**Task statement:**
Every entry must be repeated exactly in the answer.

**Records for the exercise:**
[Start of section]

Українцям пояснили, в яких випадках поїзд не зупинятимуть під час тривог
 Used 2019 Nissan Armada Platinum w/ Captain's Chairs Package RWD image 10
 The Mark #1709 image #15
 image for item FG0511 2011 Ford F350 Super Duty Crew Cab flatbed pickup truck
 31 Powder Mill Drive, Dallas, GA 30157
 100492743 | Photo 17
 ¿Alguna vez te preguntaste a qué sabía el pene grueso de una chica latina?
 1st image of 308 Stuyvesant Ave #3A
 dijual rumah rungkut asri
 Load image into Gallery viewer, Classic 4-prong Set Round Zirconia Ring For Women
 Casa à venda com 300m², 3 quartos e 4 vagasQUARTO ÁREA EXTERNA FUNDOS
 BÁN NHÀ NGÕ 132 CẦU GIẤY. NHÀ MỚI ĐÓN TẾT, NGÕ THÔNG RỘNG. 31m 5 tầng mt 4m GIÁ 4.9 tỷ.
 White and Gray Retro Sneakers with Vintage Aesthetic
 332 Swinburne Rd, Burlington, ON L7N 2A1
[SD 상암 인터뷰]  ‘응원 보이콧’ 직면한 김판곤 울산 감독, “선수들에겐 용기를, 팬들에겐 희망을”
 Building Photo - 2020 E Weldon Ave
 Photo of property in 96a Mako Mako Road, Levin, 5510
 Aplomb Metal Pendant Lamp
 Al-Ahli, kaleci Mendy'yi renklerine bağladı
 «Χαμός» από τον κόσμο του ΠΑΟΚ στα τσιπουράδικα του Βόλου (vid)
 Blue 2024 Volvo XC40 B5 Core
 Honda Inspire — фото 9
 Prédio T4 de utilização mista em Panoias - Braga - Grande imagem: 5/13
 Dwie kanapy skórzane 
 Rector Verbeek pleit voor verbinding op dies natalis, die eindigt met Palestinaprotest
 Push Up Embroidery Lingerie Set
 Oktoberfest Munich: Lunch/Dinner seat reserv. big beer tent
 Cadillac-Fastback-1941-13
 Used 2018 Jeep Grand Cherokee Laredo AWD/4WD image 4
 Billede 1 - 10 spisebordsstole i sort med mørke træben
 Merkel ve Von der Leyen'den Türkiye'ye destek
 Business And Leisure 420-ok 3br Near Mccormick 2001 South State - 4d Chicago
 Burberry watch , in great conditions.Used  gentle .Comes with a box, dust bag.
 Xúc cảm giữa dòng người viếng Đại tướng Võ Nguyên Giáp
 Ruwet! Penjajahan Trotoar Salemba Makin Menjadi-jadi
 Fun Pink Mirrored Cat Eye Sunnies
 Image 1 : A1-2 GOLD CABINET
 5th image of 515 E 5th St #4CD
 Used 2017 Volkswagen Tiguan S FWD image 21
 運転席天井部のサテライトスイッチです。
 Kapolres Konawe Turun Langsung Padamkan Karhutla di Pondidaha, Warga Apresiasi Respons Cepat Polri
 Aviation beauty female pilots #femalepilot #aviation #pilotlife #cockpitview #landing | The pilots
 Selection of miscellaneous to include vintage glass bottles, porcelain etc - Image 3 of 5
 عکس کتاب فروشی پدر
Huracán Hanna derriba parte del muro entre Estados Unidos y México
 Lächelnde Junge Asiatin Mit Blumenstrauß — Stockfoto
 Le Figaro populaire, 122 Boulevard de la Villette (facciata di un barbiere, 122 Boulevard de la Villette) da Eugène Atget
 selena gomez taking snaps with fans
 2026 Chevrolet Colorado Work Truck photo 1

[End of section]

**Result:**
Українцям пояснили, в яких випадках поїзд не зупинятимуть під час тривог
 Used 2019 Nissan Armada Platinum w/ Captain's Chairs Package RWD image 10
 The Mark #1709 image #15
 image for item FG0511 2011 Ford F350 Super Duty Crew Cab flatbed pickup truck
 31 Powder Mill Drive, Dallas, GA 30157
 100492743 | Photo 17
 ¿Alguna vez te preguntaste a qué sabía el pene grueso de una chica latina?
 1st image of 308 Stuyvesant Ave #3A
 dijual rumah rungkut asri
 Load image into Gallery viewer, Classic 4-prong Set Round Zirconia Ring For Women
 Casa à venda com 300m², 3 quartos e 4 vagasQUARTO ÁREA EXTERNA FUNDOS
 BÁN NHÀ NGÕ 132 CẦU GIẤY. NHÀ MỚI ĐÓN TẾT, NGÕ THÔNG RỘNG. 31m 5 tầng mt 4m GIÁ 4.9 tỷ.
 White and Gray Retro Sneakers with Vintage Aesthetic
 332 Swinburne Rd, Burlington, ON L7N 2A1
[SD 상암 인터뷰]  ‘응원 보이콧’ 직면한 김판곤 울산 감독, “선수들에겐 용기를, 팬들에겐 희망을”
 Building Photo - 2020 E Weldon Ave
 Photo of property in 96a Mako Mako Road, Levin, 5510
 Aplomb Metal Pendant Lamp
 Al-Ahli, kaleci Mendy'yi renklerine bağladı
 «Χαμός» από τον κόσμο του ΠΑΟΚ στα τσιπουράδικα του Βόλου (vid)
 Blue 2024 Volvo XC40 B5 Core
 Honda Inspire — фото 9
 Prédio T4 de utilização mista em Panoias - Braga - Grande imagem: 5/13
 Dwie kanapy skórzane 
 Rector Verbeek pleit voor verbinding op dies natalis, die eindigt met Palestinaprotest
 Push Up Embroidery Lingerie Set
 Oktoberfest Munich: Lunch/Dinner seat reserv. big beer tent
 Cadillac-Fastback-1941-13
 Used 2018 Jeep Grand Cherokee Laredo AWD/4WD image 4
 Billede 1 - 10 spisebordsstole i sort med mørke træben
 Merkel ve Von der Leyen'den Türkiye'ye destek
 Business And Leisure 420-ok 3br Near Mccormick 2001 South State - 4d Chicago
 Burberry watch , in great conditions.Used  gentle .Comes with a box, dust bag.
 Xúc cảm giữa dòng người viếng Đại tướng Võ Nguyên Giáp
 Ruwet! Penjajahan Trotoar Salemba Makin Menjadi-jadi
 Fun Pink Mirrored Cat Eye Sunnies
 Image 1 : A1-2 GOLD CABINET
 5th image of 515 E 5th St #4CD
 Used 2017 Volkswagen Tiguan S FWD image 21
 運転席天井部のサテライトスイッチです。
 Kapolres Konawe Turun Langsung Padamkan Karhutla di Pondidaha, Warga Apresiasi Respons Cepat Polri
 Aviation beauty female pilots #femalepilot #aviation #pilotlife #cockpitview #landing | The pilots
 Selection of miscellaneous to include vintage glass bottles, porcelain etc - Image 3 of 5
 عکس کتاب فروشی پدر
Huracán Hanna derriba parte del muro entre Estados Unidos y México
 Lächelnde Junge Asiatin Mit Blumenstrauß — Stockfoto
 Le Figaro populaire, 122 Boulevard de la Villette (facciata di un barbiere, 122 Boulevard de la Villette) da Eugène Atget
 selena gomez taking snaps with fans
 2026 Chevrolet Colorado Work Truck photo 1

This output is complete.